3. The method for predicting the acute toxicity of an unknown substance based on deep learning according to claim 2, wherein the constructing a sample data set specifically comprises:

acquiring CANONICAL SMILES codes of chemical substances in a plurality of sample areas, and corresponding chemical substance types and acute toxicity degrees of the chemical substances;

encoding the canola signature for each chemical in the sample area into a DGL plot for the chemical in the sample area;

a sample data set is constructed from DGL maps of chemicals within a plurality of sample regions, and corresponding chemical species and chemical acute toxicity levels.

4. The method for predicting the acute toxicity of an unknown substance based on deep learning according to claim 1 or 2, wherein the feature extraction layer is a graph isomorphic network.

5. A method for predicting acute toxicity of unknown substances based on deep learning as claimed in either of claims 1 or 2, wherein said hidden layer comprises two layers of improved graph attention network; the improved attention network is obtained by modifying the attention mechanism of the original attention network into an improved attention mechanism on the basis of the original attention network; the artwork attention network is an artwork attention network with version GATv 2.

6. The method for predicting acute toxicity of unknown substance based on deep learning of claim 5, wherein the improved attention mechanism is an attention mechanism obtained by fusing a dot product attention function and a spliced attention function.

7. A method for predicting acute toxicity of unknown substances based on deep learning as claimed in claim 1 or 2, wherein said pooling layer comprises a maximum pooling method and a weighted sum pooling method.

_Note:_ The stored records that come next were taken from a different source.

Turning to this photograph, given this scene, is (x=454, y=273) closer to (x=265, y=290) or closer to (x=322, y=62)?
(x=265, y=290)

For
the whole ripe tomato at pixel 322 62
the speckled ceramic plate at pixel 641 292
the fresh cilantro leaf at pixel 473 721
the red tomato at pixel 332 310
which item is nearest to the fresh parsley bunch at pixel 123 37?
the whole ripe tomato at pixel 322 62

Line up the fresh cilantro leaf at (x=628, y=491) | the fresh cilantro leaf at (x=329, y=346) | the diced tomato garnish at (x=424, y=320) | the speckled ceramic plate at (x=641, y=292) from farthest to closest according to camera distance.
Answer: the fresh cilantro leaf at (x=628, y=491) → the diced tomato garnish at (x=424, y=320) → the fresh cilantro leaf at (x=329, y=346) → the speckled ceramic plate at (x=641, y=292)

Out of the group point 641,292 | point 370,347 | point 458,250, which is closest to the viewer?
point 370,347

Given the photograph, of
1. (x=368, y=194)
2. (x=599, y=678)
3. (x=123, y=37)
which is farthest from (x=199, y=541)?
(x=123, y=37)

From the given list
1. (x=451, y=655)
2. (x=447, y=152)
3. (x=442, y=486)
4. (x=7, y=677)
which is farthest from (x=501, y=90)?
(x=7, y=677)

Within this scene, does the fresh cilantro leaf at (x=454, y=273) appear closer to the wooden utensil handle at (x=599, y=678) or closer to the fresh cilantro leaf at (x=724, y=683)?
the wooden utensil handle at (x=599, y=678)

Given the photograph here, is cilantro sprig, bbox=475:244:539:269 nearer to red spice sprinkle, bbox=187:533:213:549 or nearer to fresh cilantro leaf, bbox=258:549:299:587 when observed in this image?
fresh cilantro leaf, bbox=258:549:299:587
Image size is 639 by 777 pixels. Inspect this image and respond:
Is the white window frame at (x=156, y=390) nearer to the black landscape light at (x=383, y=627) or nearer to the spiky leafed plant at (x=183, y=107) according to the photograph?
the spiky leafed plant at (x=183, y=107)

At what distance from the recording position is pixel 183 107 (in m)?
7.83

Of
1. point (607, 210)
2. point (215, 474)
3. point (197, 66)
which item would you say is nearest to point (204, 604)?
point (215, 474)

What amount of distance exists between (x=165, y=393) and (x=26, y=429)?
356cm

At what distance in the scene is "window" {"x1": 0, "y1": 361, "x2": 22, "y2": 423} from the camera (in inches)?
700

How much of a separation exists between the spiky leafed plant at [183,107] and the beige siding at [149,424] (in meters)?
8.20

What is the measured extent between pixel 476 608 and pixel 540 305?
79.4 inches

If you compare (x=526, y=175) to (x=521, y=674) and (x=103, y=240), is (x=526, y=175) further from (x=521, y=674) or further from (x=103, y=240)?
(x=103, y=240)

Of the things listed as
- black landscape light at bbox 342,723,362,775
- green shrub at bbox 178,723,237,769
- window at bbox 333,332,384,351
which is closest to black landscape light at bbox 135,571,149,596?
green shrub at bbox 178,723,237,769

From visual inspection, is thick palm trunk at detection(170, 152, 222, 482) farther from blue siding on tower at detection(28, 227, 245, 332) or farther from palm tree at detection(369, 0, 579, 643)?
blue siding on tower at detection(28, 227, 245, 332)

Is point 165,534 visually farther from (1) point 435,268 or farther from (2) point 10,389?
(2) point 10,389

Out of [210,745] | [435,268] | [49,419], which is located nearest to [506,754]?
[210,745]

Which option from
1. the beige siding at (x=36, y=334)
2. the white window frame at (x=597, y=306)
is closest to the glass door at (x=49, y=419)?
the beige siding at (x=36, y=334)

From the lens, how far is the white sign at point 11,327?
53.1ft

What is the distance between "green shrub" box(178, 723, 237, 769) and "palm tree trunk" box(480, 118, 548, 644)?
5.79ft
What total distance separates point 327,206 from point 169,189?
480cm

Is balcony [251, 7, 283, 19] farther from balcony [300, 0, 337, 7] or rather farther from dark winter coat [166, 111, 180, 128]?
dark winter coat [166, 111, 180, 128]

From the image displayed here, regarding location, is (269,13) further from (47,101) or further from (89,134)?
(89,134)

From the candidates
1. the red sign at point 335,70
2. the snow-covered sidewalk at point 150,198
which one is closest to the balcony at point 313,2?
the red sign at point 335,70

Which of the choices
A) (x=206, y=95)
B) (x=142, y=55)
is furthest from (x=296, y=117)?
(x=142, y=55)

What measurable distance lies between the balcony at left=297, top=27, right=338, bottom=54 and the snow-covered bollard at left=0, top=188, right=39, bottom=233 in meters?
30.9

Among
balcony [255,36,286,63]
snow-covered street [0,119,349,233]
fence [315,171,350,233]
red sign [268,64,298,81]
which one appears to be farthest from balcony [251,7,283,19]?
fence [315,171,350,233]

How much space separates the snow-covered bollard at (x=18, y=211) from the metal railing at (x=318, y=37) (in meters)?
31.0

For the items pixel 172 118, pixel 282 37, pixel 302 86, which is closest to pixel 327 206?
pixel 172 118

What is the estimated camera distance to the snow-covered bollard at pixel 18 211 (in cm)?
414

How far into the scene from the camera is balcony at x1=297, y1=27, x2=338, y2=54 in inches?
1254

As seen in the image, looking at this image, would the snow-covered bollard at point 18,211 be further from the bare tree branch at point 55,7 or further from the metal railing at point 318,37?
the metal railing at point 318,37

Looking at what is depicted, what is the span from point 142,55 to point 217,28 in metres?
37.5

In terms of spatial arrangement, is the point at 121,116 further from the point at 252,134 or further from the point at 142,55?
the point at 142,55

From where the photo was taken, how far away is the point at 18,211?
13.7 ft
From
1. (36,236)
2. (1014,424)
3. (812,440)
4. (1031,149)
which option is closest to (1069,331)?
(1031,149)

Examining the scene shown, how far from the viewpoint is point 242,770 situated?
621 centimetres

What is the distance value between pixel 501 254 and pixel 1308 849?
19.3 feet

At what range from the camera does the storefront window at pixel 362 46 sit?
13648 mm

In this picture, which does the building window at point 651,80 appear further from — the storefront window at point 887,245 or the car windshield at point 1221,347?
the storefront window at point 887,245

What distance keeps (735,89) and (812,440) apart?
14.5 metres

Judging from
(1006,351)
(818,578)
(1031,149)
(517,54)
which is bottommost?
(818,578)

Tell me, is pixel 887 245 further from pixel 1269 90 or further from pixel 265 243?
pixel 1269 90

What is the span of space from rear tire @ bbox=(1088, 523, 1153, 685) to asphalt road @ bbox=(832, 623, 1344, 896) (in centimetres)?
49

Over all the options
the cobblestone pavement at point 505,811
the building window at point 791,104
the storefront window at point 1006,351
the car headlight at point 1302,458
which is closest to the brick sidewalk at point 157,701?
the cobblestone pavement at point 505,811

8. A deep learning-based unknown substance acute toxicity prediction system, comprising:

the target area parameter acquisition module is used for acquiring the CANONICAL SMILES codes of the chemical substances in the target area and encoding the CANONICAL SMILES codes of the chemical substances in the target area into a DGL chart of the chemical substances in the target area;

9. The deep learning-based unknown substance acute toxicity prediction system according to claim 8, wherein the feature extraction layer is a graph isomorphic network;

the hidden layer comprises two layers of improved graph attention network; the improved attention network is obtained by modifying the attention mechanism of the original attention network into an improved attention mechanism on the basis of the original attention network; the original image attention network is an image attention network with a version of GATv 2; the improved attention mechanism is obtained by fusing the dot product attention function and the spliced attention function;

10. An electronic device comprising a memory for storing a computer program and a processor that runs the computer program to cause the electronic device to perform a deep learning based method of predicting acute toxicity of an unknown substance according to any one of claims 1 to 7.